◆ **Task details**: Exactly and only the lines from the one with "Property at 208" through the last line of the records need to be set down; please skip the pictures.

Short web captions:
Segment Open

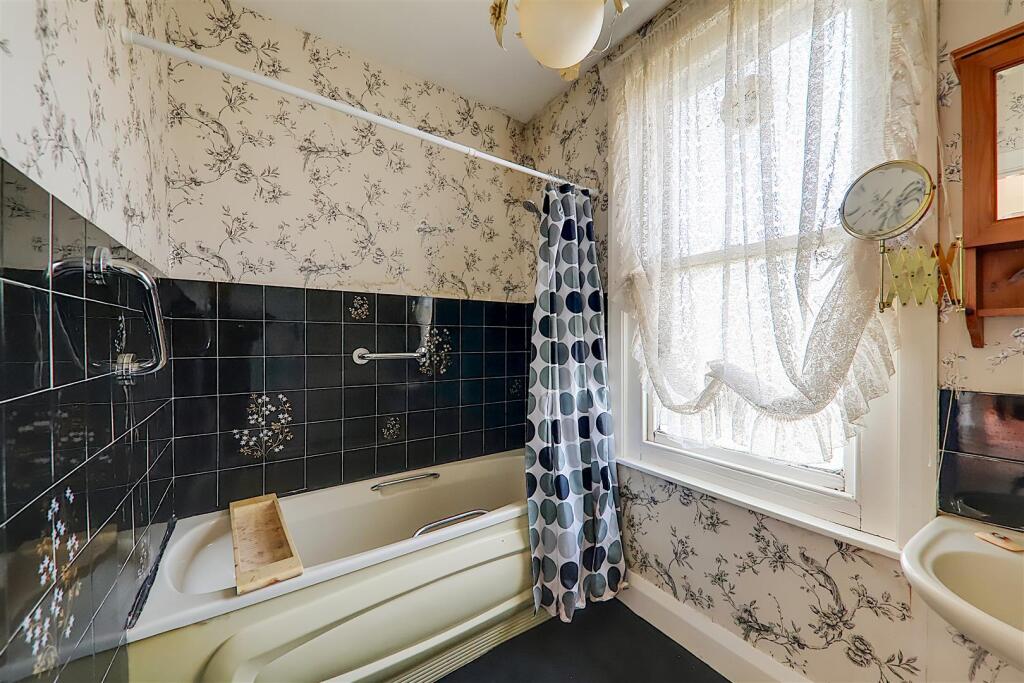 Additional image 11 of Ladydell Road, Worthing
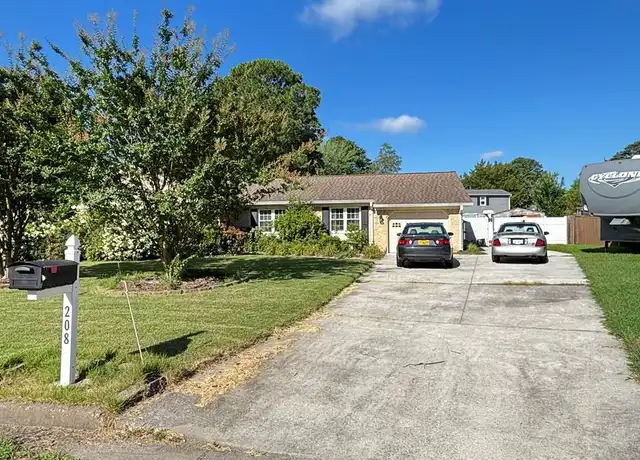 Property at 208 Tice Ct, Virginia Beach, VA, 23462, 4 beds, 2 baths, [object Object]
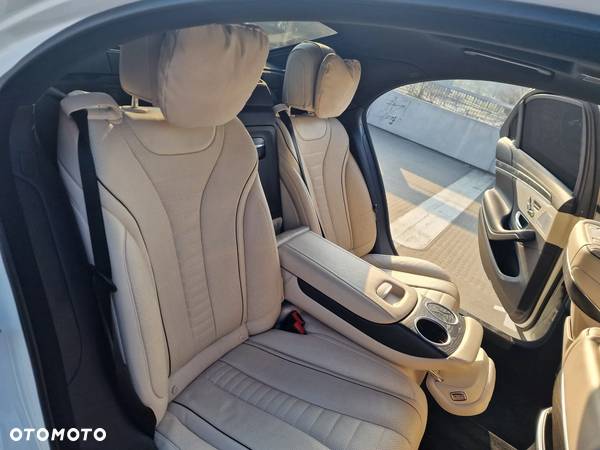 Mercedes-Benz Klasa S 400 d 4-Matic L 9G-TRONIC - 22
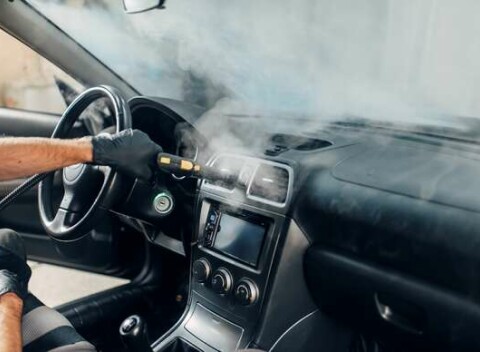 Voňavé a čisté auto vďaka kompletnému čisteniu či dezinfekcia ozónom, ktorá likviduje vírusy a baktérie.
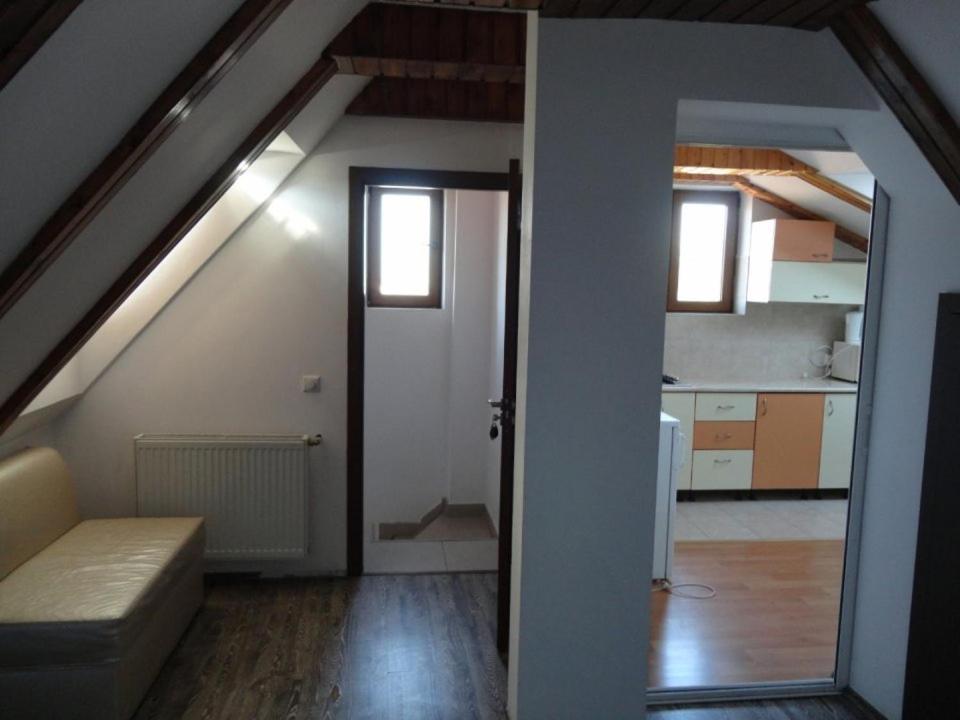 Quik Braşov Exterior foto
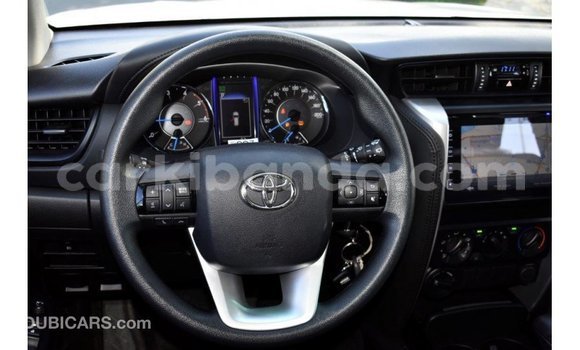 Nunua Imported Toyota Fortuner Nyeusi Gari ndani ya Import - Dubai nchini Uganda Nunua Imported Toyota Fortuner Nyeusi Gari ndani ya Import - Dubai nchini Uganda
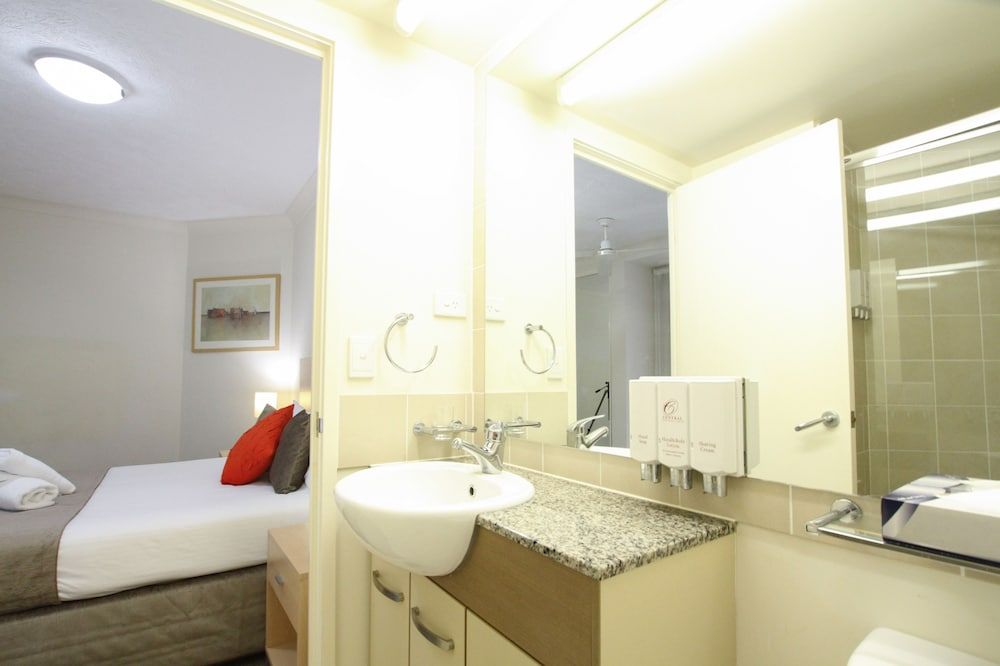 Caloundra Central Apartment Hotel Superior 1 Bedroom Apartment 8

Segment Closed

◆ **Result for this task**:
 Property at 208 Tice Ct, Virginia Beach, VA, 23462, 4 beds, 2 baths, [object Object]
 Mercedes-Benz Klasa S 400 d 4-Matic L 9G-TRONIC - 22
 Voňavé a čisté auto vďaka kompletnému čisteniu či dezinfekcia ozónom, ktorá likviduje vírusy a baktérie.
 Quik Braşov Exterior foto
 Nunua Imported Toyota Fortuner Nyeusi Gari ndani ya Import - Dubai nchini Uganda Nunua Imported Toyota Fortuner Nyeusi Gari ndani ya Import - Dubai nchini Uganda
 Caloundra Central Apartment Hotel Superior 1 Bedroom Apartment 8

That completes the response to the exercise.